3:51:56 drmeister When I do this in aclasp: (mp:process-run-function nil #'(lambda () (catch 'x (eval '(throw 'x 10)))))

3:52:08 drmeister it crashes. I run it under gdb ...

3:52:22 drmeister aw shoot - I forgot the signal thing... hang on.

3:52:40 stassats just dump a core

3:59:48 drmeister Ok - got it - What's up with the <signal handler called> ?

4:00:02 stassats a signal handler is being called

4:00:16 drmeister Ah - that illuminates things.

4:00:27 drmeister Reading MPS docs

4:00:28 stassats what more can be said about that?

4:01:08 stassats should be sigsegv

4:01:37 drmeister Well, MPS uses barriers and signals as part of its operation...

4:01:40 drmeister "You may need to make sure that the debugger isn’t entered on barrier(1) hits (because the MPS uses barriers to protect parts of memory, and barrier hits are common and expected)."

4:02:35 drmeister "On OS X, barrier hits do not use signals and so do not enter the debugger."

4:02:56 drmeister Clasp is currently the only system that uses MPS with multithreading.

4:03:29 drmeister Maybe there is an issue - or we have to accommodate MPS signals.

4:03:52 stassats why are you focusing on signals?

4:04:01 stassats you have a segfault, it's the same signal

4:05:08 stassats mps punts on it, not in its memory, should've printed something instead

4:05:39 stassats but now you'll have to inspect the context to see where it has faulted

4:06:59 drmeister I'm a bit slow and I don't know what's going on. What is the deal with segfault?

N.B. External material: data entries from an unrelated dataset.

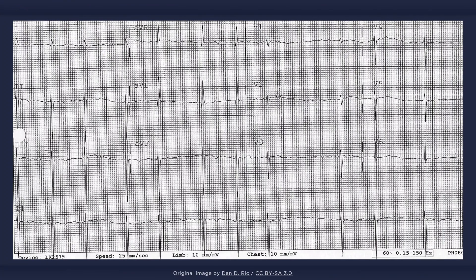Atrial fibrillation, or just AFib for short, is the classic irregularly irregular rhythm. The atria send erratic and random impulses down to the ventricles, which simply put results in a heart rate without any discernible pattern.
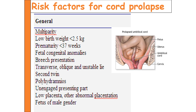Multiparity is a risk factor: in multiparous women, laxity of abdominal muscles and a pendulous abdomen can cause non-engagement, predisposing to cord prolapse. A low birth weight baby (less than 2.5 kg) may also present a poorly fitting presenting part. Prematurity is similarly a risk because of the smaller size of the baby.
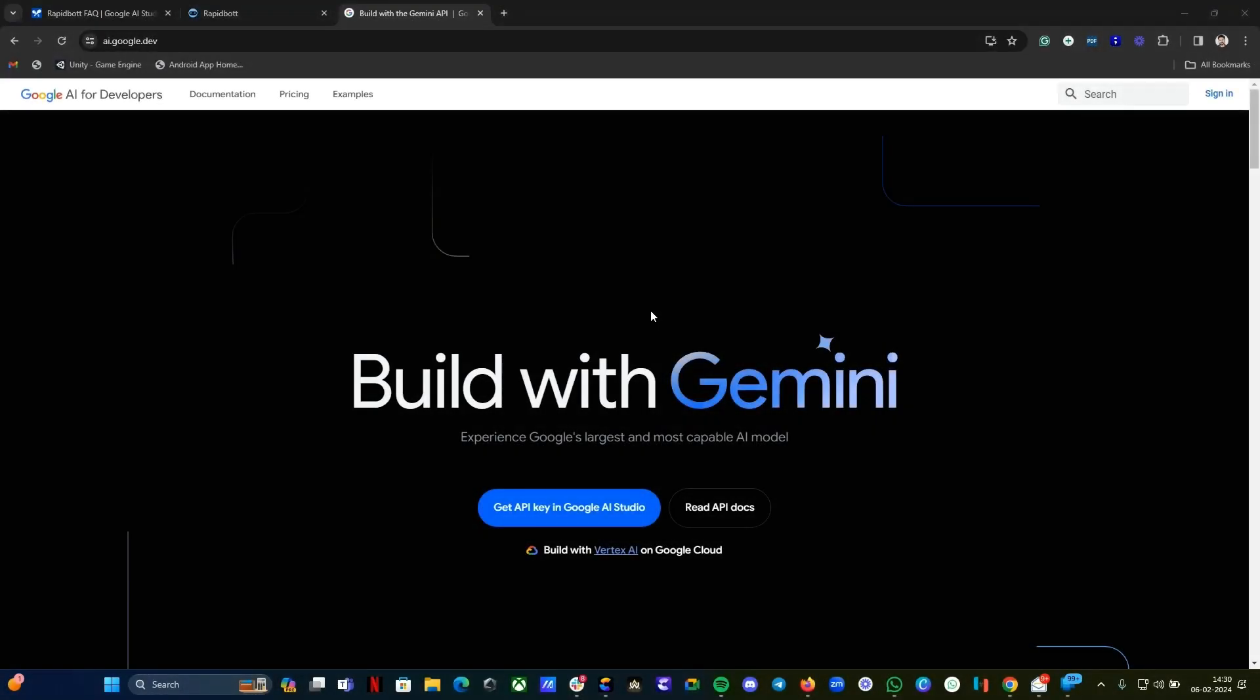Hi guys, welcome to another video. In this video I'm going to show you how you can build an AI chatbot using the Google Gemini API in Rapidbot. In the last video last month, I posted a video regarding the Gemini API testing. Our backend team is currently working on it. It's not yet available at the moment.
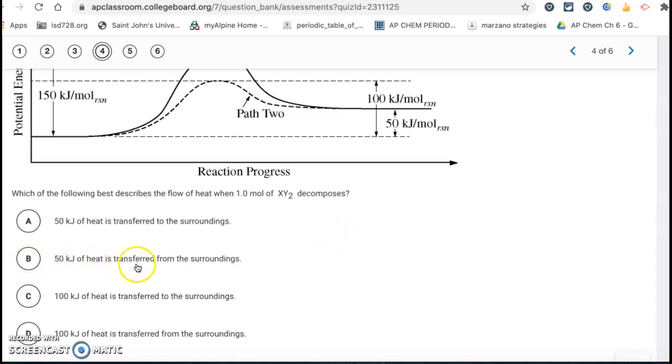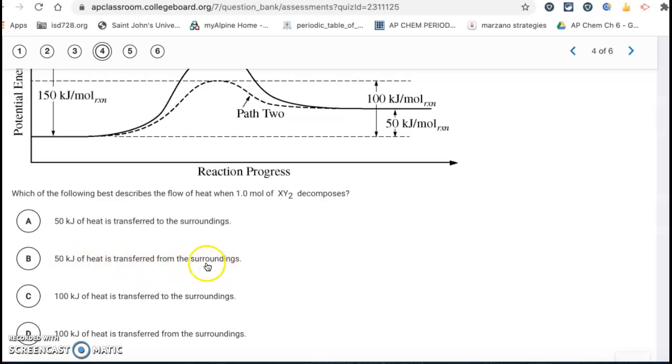Letter B states 50 kilojoules of heat is transferred from the surroundings — you just have to pay attention to the terminology in the answers.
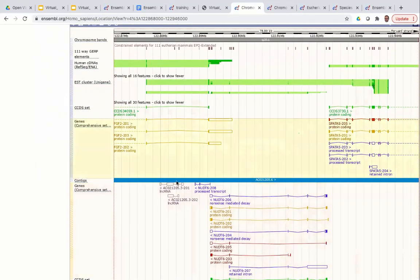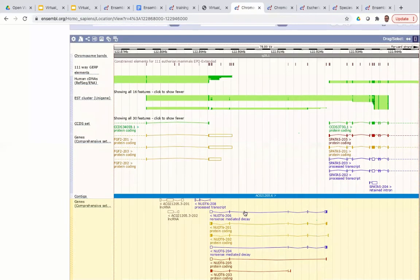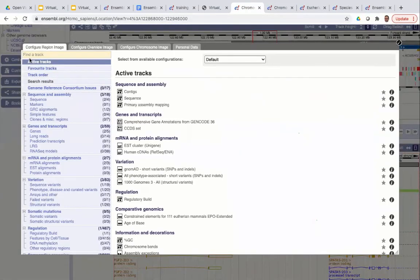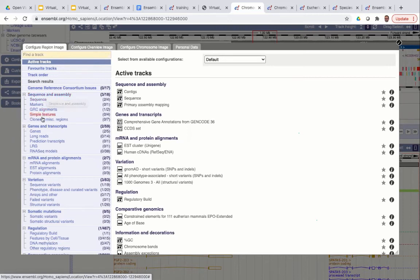The data shown in this view is what's displayed by default — just a small amount of what's available. If you click 'Configure this page', a pop-up window shows all the tracks you can add and manipulate. You can see the active tracks currently shown by default, and a menu on the left for finding all other available tracks. There are hundreds of tracks to view, so I'd advise spending some time in the exercises exploring which tracks show the data you're interested in.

4:08:33 stassats so the address is 0x3e800003e8d

4:08:37 stassats not a zero or anything

4:12:14 stassats drmeister: are you registering thread memory regions correctly with mps?

4:12:57 drmeister I believe that I am ...

4:13:19 drmeister https://github.com/drmeister/clasp/blob/dev/src/core/mpPackage.cc#L117

4:14:18 drmeister start_thread is called when the thread is started and I create thread local allocation points, register the thread and register the thread stack.

4:16:41 stassats if it's a valid address, then it knows to protect the region, but not that it belongs to it

4:17:37 drmeister Where do you get the address: 0x3e800003e8d

4:17:52 stassats from the ucontext

4:18:04 drmeister This is the top of my stack:

4:18:07 drmeister https://www.irccloud.com/pastebin/XDjXWAGd/

4:20:23 stassats siginfo, rather

4:21:20 stassats p $_siginfo._sifields._sigfault.si_addr

4:22:07 drmeister (gdb) p $_siginfo._sifields._sigfault.si_addr -> $1 = (void *) 0x3e800005861

4:22:21 stassats that's close

4:23:19 drmeister x/8xg 0x3e800005860 --> 0x3e800005860: Cannot access memory at address 0x3e800005860

4:23:51 drmeister MPS puts hardware barriers on memory - when the program touches it it signals to the MPS that that memory needs to be fixed.

4:23:57 drmeister That's why I'm going on about signals.

4:24:39 stassats yes, i'm familiar with some common gc techniques

4:24:49 stassats but this is more likely a misdirection

4:25:12 drmeister Ok - sorry - I don't want to teach my gramma to suck eggs.

4:25:26 stassats well, it could very well be all of the above

4:25:28 drmeister What do you mean by a misdirection?

4:26:02 drmeister Other than - we might be being led down the wrong track

4:26:19 drmeister What is: p $_siginfo._sifields._sigfault.si_addr ?

4:26:29 stassats the fault address

4:26:43 drmeister The memory address that was read and that caused the fault?

4:27:52 drmeister I don't see that in any of the registers in the frame above the <signal handler called> frame #2 -- although maybe I shouldn't expect to.

4:28:38 drmeister Does info registers give you the values of registers as they were in the frame that I'm currently looking at - or only the current values of the registers in the top frame.

4:29:37 drmeister They change when I change frames - shows you how familiar I am with gdb.

4:34:27 drmeister In my morning (7 hours from now) one of my friends at Ravenbrook will be up - I'll ask them about this. They might have some advice. The problem is easy to reproduce.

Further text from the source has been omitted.